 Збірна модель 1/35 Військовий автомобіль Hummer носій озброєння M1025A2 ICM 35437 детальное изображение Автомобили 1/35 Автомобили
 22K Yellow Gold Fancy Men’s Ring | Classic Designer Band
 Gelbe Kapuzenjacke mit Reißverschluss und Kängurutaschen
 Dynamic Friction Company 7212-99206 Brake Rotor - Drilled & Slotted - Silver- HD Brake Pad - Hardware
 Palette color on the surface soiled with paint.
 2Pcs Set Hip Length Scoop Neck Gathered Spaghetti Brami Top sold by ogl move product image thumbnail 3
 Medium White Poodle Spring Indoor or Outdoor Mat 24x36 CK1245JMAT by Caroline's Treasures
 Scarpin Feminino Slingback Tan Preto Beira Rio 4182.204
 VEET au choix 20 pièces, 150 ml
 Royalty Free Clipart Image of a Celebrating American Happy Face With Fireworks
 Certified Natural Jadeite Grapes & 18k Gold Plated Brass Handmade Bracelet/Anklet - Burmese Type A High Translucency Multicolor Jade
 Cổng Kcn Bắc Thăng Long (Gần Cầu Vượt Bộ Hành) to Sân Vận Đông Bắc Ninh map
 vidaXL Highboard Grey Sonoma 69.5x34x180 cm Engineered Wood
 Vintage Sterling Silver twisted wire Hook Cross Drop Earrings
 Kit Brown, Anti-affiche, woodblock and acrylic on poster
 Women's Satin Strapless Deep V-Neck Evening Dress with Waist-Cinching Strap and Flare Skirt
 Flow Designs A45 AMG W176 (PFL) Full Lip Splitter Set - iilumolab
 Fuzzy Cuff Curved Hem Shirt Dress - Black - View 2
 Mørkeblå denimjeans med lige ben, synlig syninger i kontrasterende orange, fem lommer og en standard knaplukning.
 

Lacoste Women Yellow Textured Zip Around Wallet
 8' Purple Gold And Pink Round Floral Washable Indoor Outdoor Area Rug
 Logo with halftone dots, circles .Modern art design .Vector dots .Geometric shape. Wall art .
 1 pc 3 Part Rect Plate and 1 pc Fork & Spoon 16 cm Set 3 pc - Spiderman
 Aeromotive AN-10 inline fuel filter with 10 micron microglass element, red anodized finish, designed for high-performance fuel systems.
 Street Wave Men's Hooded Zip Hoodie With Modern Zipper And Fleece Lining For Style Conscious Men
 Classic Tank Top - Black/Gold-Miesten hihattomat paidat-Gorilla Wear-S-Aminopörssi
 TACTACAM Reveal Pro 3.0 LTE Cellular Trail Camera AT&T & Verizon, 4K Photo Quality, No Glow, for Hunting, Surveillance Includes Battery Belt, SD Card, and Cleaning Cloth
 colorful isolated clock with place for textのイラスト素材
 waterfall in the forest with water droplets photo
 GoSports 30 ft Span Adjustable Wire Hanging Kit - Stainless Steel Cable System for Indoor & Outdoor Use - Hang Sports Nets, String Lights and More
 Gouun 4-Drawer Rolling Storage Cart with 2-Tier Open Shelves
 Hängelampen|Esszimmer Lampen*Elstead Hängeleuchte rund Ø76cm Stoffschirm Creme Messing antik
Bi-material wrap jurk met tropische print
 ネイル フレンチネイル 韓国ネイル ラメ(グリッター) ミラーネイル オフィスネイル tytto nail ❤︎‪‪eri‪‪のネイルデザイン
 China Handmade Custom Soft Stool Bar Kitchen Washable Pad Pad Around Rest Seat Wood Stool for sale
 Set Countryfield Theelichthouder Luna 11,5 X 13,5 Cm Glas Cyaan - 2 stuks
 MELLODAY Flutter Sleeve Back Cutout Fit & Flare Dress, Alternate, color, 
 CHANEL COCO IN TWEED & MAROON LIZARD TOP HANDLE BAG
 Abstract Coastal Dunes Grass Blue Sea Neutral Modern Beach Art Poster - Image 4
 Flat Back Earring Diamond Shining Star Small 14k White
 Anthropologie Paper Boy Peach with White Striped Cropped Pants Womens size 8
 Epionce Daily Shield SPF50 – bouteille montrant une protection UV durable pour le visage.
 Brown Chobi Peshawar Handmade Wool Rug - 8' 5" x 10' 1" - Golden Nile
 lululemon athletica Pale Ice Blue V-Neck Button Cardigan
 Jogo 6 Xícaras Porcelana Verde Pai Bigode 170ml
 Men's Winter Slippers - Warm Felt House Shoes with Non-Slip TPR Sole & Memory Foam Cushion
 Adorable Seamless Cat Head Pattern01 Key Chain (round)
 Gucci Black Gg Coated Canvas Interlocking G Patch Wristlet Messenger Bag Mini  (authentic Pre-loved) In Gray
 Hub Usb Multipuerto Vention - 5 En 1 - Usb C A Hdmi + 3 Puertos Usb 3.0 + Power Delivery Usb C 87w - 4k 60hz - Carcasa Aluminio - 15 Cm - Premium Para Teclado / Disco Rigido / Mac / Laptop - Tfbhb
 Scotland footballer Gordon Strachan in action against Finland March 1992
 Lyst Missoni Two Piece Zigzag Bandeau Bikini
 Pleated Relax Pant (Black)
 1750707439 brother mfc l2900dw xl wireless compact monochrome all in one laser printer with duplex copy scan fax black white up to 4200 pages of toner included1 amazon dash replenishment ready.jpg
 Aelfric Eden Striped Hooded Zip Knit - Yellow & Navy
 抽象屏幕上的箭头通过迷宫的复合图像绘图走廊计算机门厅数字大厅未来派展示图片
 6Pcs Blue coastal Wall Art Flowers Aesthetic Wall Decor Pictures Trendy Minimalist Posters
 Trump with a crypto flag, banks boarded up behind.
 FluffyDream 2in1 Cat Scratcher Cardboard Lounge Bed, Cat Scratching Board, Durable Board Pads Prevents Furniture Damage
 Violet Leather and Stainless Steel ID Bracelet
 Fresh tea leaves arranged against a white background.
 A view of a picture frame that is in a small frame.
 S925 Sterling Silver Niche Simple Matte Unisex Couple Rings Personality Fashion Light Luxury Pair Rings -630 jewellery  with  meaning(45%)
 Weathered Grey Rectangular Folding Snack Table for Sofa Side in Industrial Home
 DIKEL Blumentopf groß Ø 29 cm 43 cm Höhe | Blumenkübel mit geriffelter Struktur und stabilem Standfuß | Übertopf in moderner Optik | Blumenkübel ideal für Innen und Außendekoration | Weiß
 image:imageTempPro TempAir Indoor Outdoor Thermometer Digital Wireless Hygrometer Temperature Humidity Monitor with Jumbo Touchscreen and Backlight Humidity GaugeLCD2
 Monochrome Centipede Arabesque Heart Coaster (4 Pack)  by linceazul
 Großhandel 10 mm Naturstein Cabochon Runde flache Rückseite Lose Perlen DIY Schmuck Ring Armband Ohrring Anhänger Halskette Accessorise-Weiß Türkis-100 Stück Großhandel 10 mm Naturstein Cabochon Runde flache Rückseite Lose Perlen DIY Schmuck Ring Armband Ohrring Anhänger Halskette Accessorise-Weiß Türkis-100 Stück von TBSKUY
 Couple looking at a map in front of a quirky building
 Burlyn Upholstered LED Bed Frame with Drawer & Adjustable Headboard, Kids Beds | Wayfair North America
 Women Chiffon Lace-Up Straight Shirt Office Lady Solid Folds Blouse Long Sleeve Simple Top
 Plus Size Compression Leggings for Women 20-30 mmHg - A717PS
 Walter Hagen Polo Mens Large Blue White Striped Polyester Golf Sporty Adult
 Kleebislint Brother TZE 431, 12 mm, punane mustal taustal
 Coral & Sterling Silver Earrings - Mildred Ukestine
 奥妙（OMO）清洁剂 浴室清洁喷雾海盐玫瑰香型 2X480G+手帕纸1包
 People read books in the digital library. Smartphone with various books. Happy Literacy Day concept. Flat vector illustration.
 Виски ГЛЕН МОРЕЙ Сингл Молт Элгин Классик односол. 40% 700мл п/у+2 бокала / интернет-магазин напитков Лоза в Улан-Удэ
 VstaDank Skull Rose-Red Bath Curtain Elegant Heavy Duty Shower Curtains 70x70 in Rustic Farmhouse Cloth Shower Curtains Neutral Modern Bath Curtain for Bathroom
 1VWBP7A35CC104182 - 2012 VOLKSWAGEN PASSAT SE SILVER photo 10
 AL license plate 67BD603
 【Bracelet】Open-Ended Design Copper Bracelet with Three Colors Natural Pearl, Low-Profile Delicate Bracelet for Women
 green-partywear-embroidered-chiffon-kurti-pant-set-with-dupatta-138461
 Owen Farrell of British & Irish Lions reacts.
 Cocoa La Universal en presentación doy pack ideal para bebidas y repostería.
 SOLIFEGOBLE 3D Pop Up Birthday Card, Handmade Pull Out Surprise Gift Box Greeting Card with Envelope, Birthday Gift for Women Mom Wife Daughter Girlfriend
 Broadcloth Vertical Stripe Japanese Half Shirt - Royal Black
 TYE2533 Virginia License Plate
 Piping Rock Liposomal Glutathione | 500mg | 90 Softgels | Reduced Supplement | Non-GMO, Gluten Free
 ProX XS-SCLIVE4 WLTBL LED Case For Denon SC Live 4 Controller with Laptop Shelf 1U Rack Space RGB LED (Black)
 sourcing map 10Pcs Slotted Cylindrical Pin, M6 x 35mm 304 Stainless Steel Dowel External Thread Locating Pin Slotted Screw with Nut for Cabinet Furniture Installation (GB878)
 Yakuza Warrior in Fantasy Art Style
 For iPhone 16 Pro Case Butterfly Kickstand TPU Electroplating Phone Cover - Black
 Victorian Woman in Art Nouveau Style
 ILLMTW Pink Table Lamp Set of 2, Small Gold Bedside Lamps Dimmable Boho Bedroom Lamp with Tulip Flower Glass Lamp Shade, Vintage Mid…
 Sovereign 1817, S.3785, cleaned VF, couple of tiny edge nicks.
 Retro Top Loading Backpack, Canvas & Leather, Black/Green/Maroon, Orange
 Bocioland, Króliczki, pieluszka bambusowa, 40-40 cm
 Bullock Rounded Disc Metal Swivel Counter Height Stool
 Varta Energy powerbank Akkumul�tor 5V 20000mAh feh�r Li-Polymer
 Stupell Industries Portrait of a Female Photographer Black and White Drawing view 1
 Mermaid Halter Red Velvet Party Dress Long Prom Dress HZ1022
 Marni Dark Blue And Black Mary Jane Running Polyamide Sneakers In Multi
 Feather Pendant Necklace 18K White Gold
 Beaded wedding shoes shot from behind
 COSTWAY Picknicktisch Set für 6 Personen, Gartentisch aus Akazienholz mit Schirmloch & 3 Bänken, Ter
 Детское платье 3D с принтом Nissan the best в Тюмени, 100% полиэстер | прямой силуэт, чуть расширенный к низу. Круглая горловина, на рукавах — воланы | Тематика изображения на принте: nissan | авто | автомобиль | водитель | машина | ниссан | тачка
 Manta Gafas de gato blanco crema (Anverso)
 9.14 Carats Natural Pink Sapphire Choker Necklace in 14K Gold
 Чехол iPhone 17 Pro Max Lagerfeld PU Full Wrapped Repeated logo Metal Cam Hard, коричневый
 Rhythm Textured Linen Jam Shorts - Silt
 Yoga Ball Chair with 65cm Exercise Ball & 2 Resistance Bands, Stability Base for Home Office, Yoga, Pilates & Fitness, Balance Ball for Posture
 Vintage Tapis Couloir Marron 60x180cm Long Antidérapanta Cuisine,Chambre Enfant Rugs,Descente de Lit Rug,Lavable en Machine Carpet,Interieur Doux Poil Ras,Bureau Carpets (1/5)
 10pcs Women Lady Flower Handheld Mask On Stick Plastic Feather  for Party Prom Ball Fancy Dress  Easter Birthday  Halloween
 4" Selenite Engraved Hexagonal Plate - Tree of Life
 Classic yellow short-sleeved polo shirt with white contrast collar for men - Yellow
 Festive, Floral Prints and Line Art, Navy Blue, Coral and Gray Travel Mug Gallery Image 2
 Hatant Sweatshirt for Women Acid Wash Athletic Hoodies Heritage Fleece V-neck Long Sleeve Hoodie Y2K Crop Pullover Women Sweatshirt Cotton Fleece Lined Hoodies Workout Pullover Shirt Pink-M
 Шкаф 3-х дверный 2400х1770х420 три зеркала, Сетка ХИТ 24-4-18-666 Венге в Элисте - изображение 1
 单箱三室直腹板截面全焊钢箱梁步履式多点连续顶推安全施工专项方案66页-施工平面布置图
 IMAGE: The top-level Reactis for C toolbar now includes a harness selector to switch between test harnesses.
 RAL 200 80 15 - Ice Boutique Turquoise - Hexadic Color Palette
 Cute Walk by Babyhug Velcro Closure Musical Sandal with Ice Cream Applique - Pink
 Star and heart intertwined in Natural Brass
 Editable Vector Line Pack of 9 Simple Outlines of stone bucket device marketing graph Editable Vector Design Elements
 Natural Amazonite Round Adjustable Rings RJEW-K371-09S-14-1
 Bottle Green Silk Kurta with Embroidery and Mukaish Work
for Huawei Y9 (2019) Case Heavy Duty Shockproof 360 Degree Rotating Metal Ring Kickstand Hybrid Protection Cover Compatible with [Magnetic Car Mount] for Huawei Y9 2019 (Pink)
_ _ _ _ _
Work instruction :: Using the entries above, give back exactly the line containing "Yakuza Warrior in Fantasy Art Style", the line containing "ILLMTW Pink Table", and every line between them, and nothing else.

Answer box ::
 Yakuza Warrior in Fantasy Art Style
 For iPhone 16 Pro Case Butterfly Kickstand TPU Electroplating Phone Cover - Black
 Victorian Woman in Art Nouveau Style
 ILLMTW Pink Table Lamp Set of 2, Small Gold Bedside Lamps Dimmable Boho Bedroom Lamp with Tulip Flower Glass Lamp Shade, Vintage Mid…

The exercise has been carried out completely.